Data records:
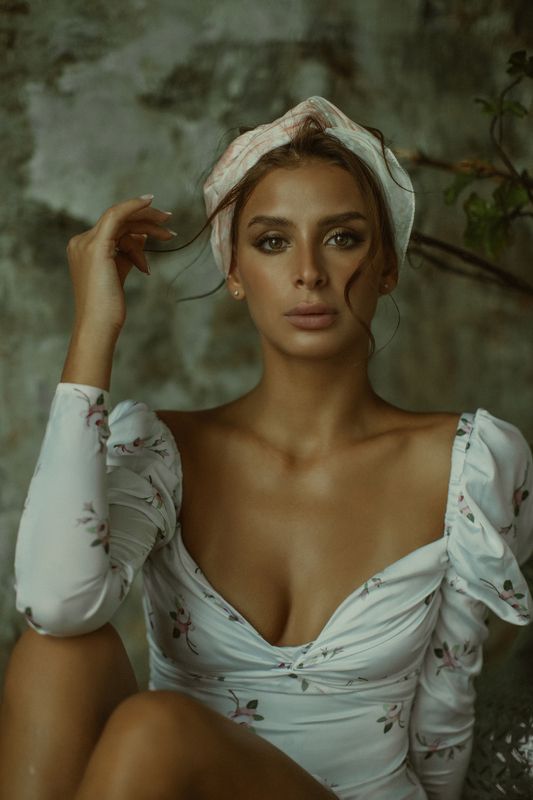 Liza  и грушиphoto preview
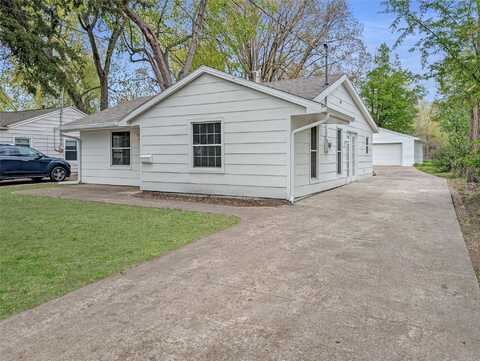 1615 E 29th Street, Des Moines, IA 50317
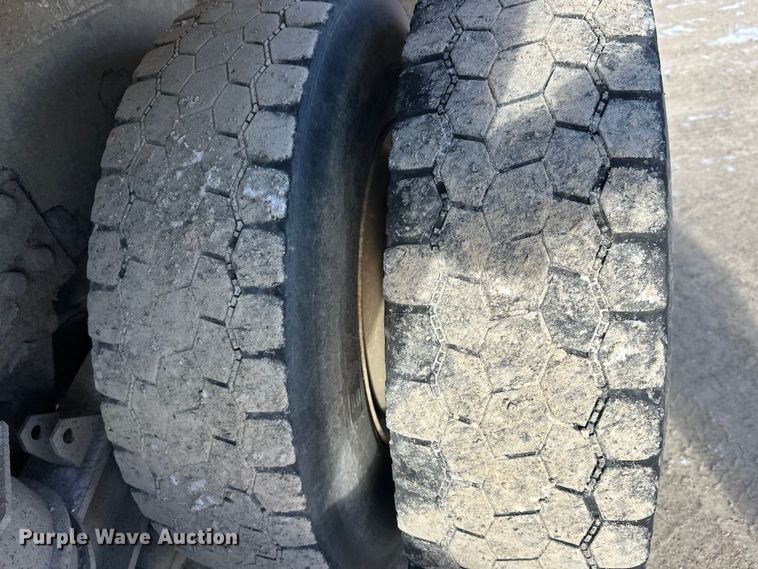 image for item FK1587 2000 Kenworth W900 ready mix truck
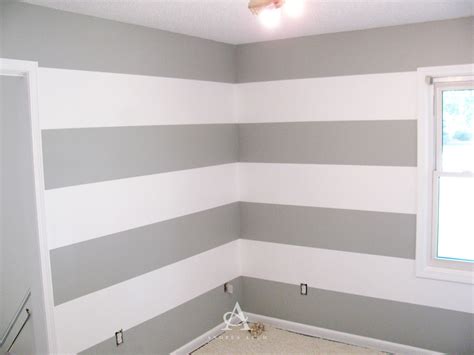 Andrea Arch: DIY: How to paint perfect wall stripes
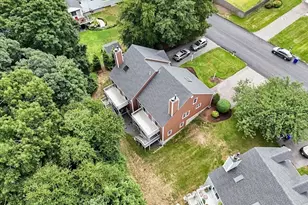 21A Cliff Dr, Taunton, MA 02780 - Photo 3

_Task requirements:_ Starting with the line that contains "image for item" and ending with the last line of the data above, transcribe exactly those lines and no others, without pictures.

_Response area:_
 image for item FK1587 2000 Kenworth W900 ready mix truck
 Andrea Arch: DIY: How to paint perfect wall stripes
 21A Cliff Dr, Taunton, MA 02780 - Photo 3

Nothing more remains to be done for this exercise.